E.P., Les Inrockuptibles, 1er septembre 2010
« Ton cerveau n’est que pièces mortes, où stagnent pensées croupies, rêves à l’abandon, projets avortés pièces mortes, tête morte, balayée de courants d’air, envahie d’herbes folles. » Recluse dans un pavillon de la banlieue parisienne, une cantatrice glisse doucement vers la folie. Tout a commencé par la perte brutale de sa voix, de son chant, au cours d’une représentation du Carmen de Bizet, dont elle jouait le rôle-titre, sur une scène prestigieuse. Elle tente bien d’identifier l’origine du mal, essaie de revenir à sa passion, en préparant sans enthousiasme une audition pour La voix humaine du tandem Cocteau-Poulenc, mais le cœur n’y est pas. À la manière de motifs musicaux, toute son attention va désormais se centrer, et de plus en plus exclusivement, sur des détails du quotidien : pucerons tenaces sur les rosiers, couches de sa fille, tuyau défectueux, poupée maléfique, araignée au plafond, factures non réglées. Le tout, sans variations, « La cantatrice hirsute » part à la dérive.

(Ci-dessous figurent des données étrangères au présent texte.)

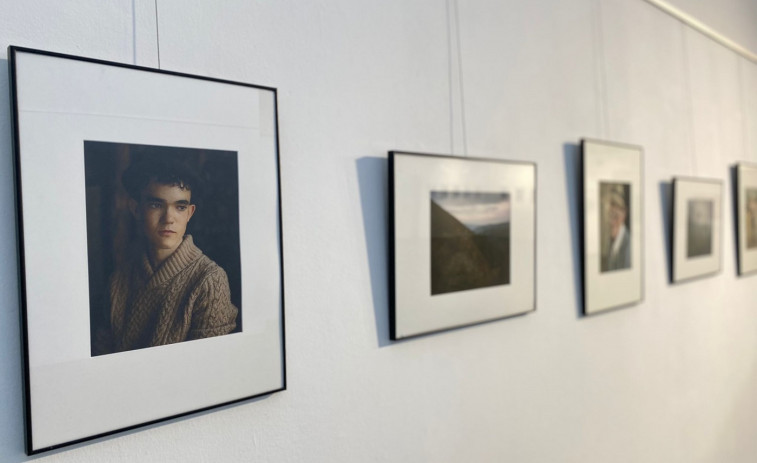 La exposición del premio Luis Ksado se puede ver en la Casa da Cultura de Fene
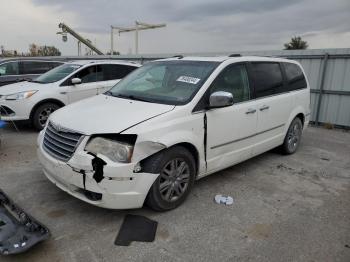  Salvage Chrysler Minivan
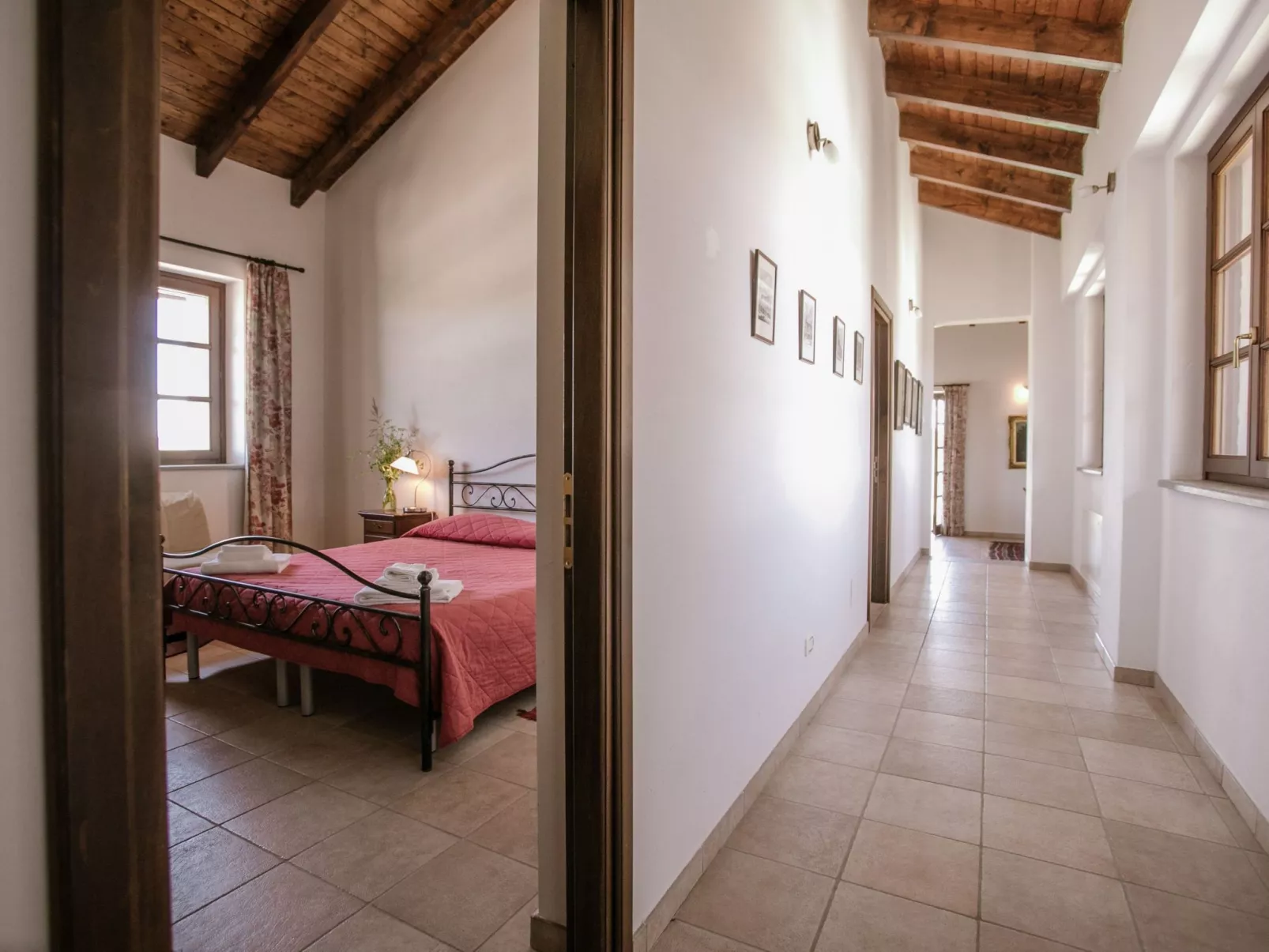 'Barbera' mit Pool-Image-tags.info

Petit à petit, la maison du bonheur dont elle rêvait devient celle du malheur. Et puis, il y a cet intriguant Africain, à qui elle a loué une pièce du pavillon, celui qui « bouscule tous les repères » et dont elle surveille les allées et venues. L’ensemble, mené à vive allure, jusqu’au tourbillon final, prend des airs de mélodie grinçante, inharmonique, mais littéralement ensorceleuse. Une belle illustration de ce que Giorgio Manganelli appelait « le bruit subtil de la prose », et un coup d’essai lyriquement réussi.